After doing the ditch, we began building the forms for the foundation. This involves: String, wooden stakes, steel rebar, many board-feet of 2×8 lumber, and duplex nails. Everything must end up very straight. This usually means jumping through hoops trying to compensate for how crooked the lumber is. It’s like putting braces on a 40 year-old British citizen. You can tweak and cajole those planks, but it’s never gonna be Tom Cruise’s mouth. Um. That metaphor was whack, sorry. 

During slow times we roofed. After visiting ABC Roofing Supply, Kari and I drove around town looking at roofs. We were soon able to identify most recent roofing jobs by brand, product line and colorway. Naturally we decided on GAF-ELK Timberline Lifetime in “charcoal”. It was a close call over “weathered wood”. The whole roofing industry seems to be centered on making a roof look like something it very clearly is not. We often overheard the phrase “and from far away it actually looks just like antique italian slate!” Which is a complete lie. It looks like three tab asphalt shingles and that’s it. For the shed we picked a slightly less fancy version of the same color since nobody, from any angle, will ever see that roof. The roof on the main house will use a thicker shingle, which will make it look exactly like we roofed our house with Teddy Roosevelt’s eyelids from Mount Rushmore.

We’re leaving for France next Thursday (one week! yikes!) so we’ve been jamming to try to get the foundation poured before then. Rain is predicted for tomorrow, so hopefully we can finish the forms before the lot turns into a mud wrestling arena. All sorts of finagling has been going on to try to line up the city, the county, the lumber, the concrete, etc.

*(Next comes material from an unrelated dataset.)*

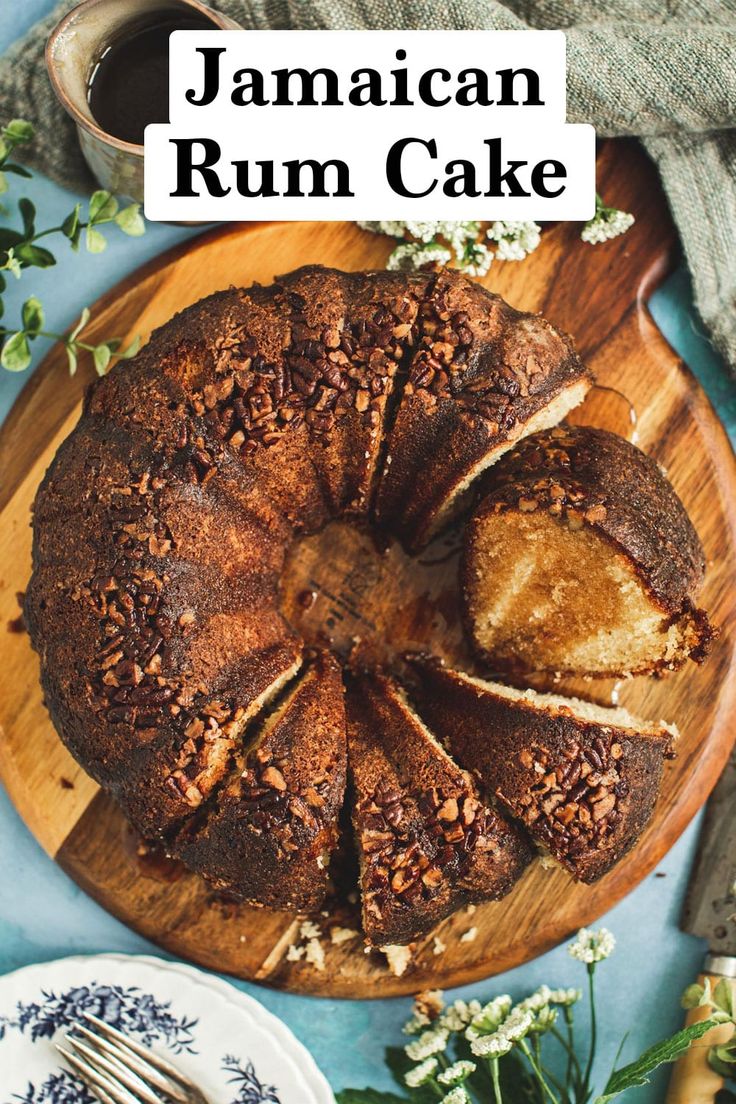 a close up of a cake on a wooden platter with the words jamaican rum cake above it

Oh! We found an old abandoned septic tank underneath the old slab. That was a surprise. It has a very tomb-like feel and upon opening the hatch I was sure that we’d see a human skeleton inside. Luckily it was devoid of bodies (and poo) but unluckily we now have to fill it with concrete to eliminate it as a structural nuisance. The city and county have been VERY cool about signing off on it before I do the pour.

If everything works out I’ll have photos of the new foundation before we leave for France. Wish us luck!

Raise the Roof

Monday, September 15, 2008

We finally put a roof on the shed. Walking on the rafters scared me, mostly because I’m a big wuss. See the photos below. 

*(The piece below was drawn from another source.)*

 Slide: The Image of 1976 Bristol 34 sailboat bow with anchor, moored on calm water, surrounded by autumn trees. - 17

Here’s an update of our progress and plans so far. The old house has been torn down. We are cutting parts of the old foundation off so that we can make room for the new foundation. That will involve a concrete saw, a jack hammer, a demo bar, a sledge hammer and a 20 gallon can of elbow grease.

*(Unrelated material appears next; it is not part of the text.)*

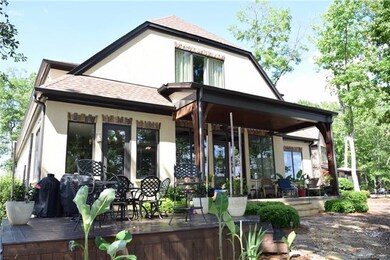 You'll love the covered porch, patio and amazing l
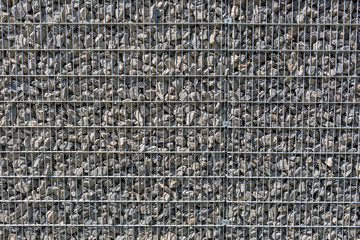 Hintergrund, aufgeschüttete graue Steine hinter einem Gitter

Next we’ll dig the ditch for the new foundation. I estimate that that will take about four days. Normally that would be a problem, but I have time to kill since the building inspector is at a conference this week. We’re still waiting for estimates from the truss roof dudes and the energy analysis dudes. The truss dudes are going to build trusses for our roof. They deliver them to the site, crane them onto your built up walls and then you just nail them into place. Sweet! The energy analysis dudes look at your plans and tell the Great State of California if your house meets Title 24 energy requirements. What are those requirements? Only people with computers can tell you that, but apparently it’s a pass/fail sort of thing. 

So while we’re waiting for the paperwork, we’re gonna dig ditches. Hopefully this will be the last set of ditches that we dig. We’re going to France in October and I’m hoping to get the foundation poured before we leave.